Building Container-Optimised OS requires the Chromium toolchain and scripts, which are unique to Google. These development images do allow user shell access and are primarily designed for Google engineers to build, test, and debug the system. The images can be run using KVM or imported into a compute engine instance.
Managing Container-Optimised OS instances
Google Container-Optimised OS does not include a package manager, but you can install additional tools using the CoreOS Toolbox, which launches a container to let you bring in your favourite debugging or admin tools.
In most situations a Container-Optimised OS instance will be run as part of a Kubernetes-managed cluster. For experimentation, you can define a single image and run it on a GCE instance using the Cloud Console or gcloud command-line tool and then SSH into it like any other GCE instance. Public container registries are supported in the base image, so you can get started right away with your favourite Docker images.
Google includes a few nice features to help with production deployments. One of those is the Node Problem Detector, used to monitor the health of Container-Optimised OS instances. Using Google Cloud Monitoring you can see capacity and error reports and visualise the health of the cluster using the Google Operations dashboard.
Time is synchronised with Linux’s systemd-timesyncd. It’s a bit unusual to use a package that synchronises with SNTP, especially if you have long-running instances that need fine-grained control of time, but you can always install the full version of NTPd in a container if you need it.

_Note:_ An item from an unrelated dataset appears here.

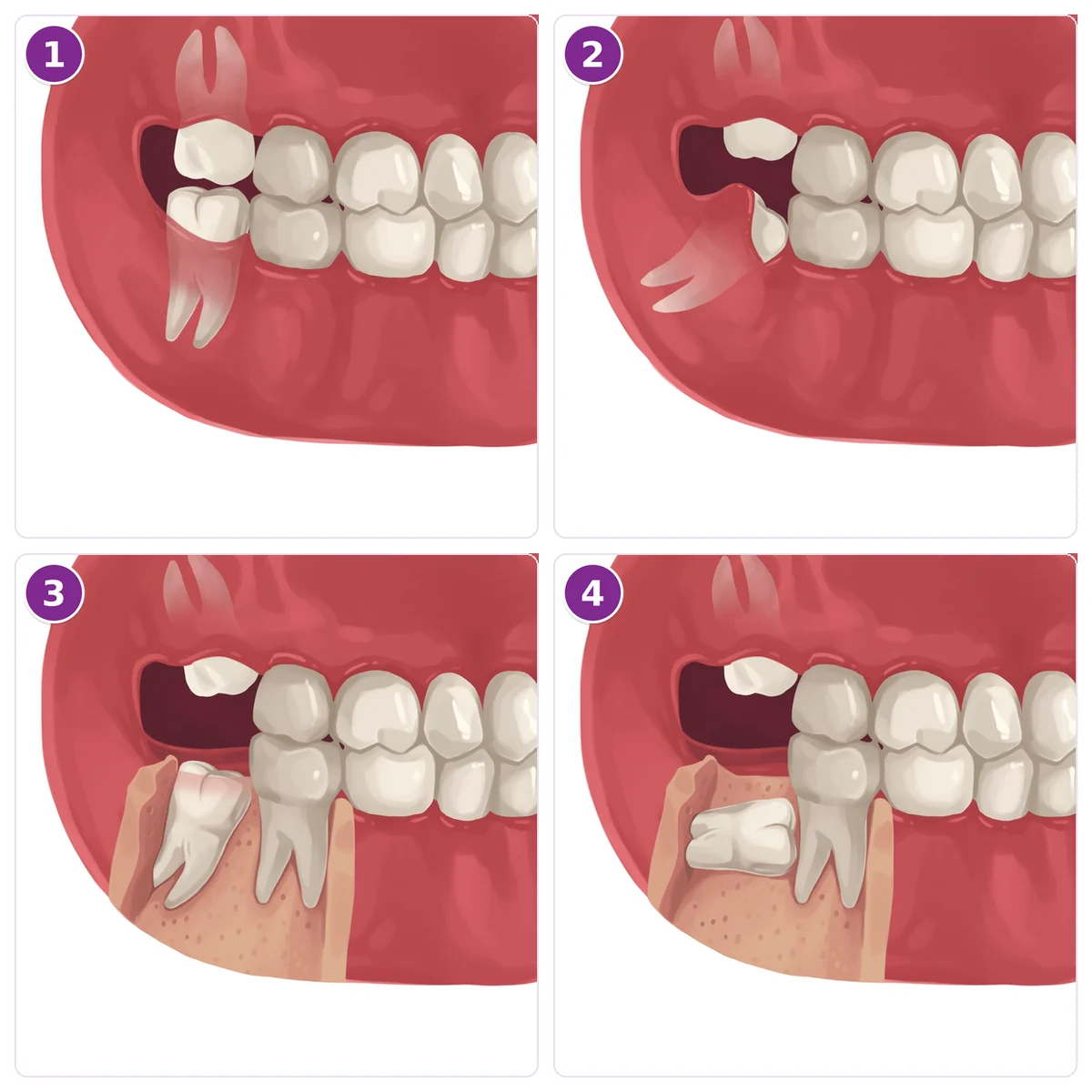 Four illustrations of the back teeth seen from the side, with the gum and jawbone partly see-through or cut away: a lower wisdom tooth fully through the gum; a lower wisdom tooth only partly through, with gum still over part of it; a lower wisdom tooth tilted forward against the molar in front, partly in bone; and a lower wisdom tooth lying flat, fully in bone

Upgrades are automatically applied in most scenarios, and there are three rolling release channels to choose from: dev, beta, and stable. These channels provide a window into the feature pipeline and allow for a rolling upgrade of the cluster.
Typically, a small percentage of your cluster will be on dev, a bit more on beta, and the majority on stable. This reduces the risk of a cluster-wide problem being encountered.
Auto-updates take place using an active/passive root partition, where one partition is “live” and the other a backup. Image updates from the dev/beta/stable channels are downloaded to the passive partition and the boot manager selects the newest version at boot time.
Should an error be encountered, the system is booted from the old partition. Updates can be manually controlled by a CLI interface, but most of the time auto-update is used.
Container OSs built for cloud
Container-optimised operating systems aren’t new. I previously reviewed CoreOS, RancherOS, Red Hat Atomic, and others. I think we’re at the end game of this line of OS development, where the OS is just a part of the whole cloud operating system, much like a shared library provides specific functionality to a host operating system.
The OS is part of the background infrastructure and means developers can focus on their applications instead of how they’ll be run. Both Bottlerocket and Container-Optimised OS do this well. Both are ideally suited for the cloud they were developed for.
AWS’s Bottlerocket incorporates many of the best ideas from the predecessors, and adds support for multiple cloud environments and container orchestrators, as well as the ability to create variants if your use cases require it. Bottlerocket will be available in GA form sometime in 2020.
Google’s Container-Optimised OS is closer to the microVM end of the spectrum (like the Firecracker technology under AWS Fargate) than Bottlerocket. Like many Google technologies, Container-Optimised OS takes an opinionated stance on how things should be done, and this is often a good thing.
However, if you’re looking at a multi-cloud strategy, then Container-Optimised OS is a roadblock, not an advantage. Most people are looking at multi-cloud and avoiding vendor lock-in. If deploying to multiple clouds is in your future, Bottlerocket would be a better choice.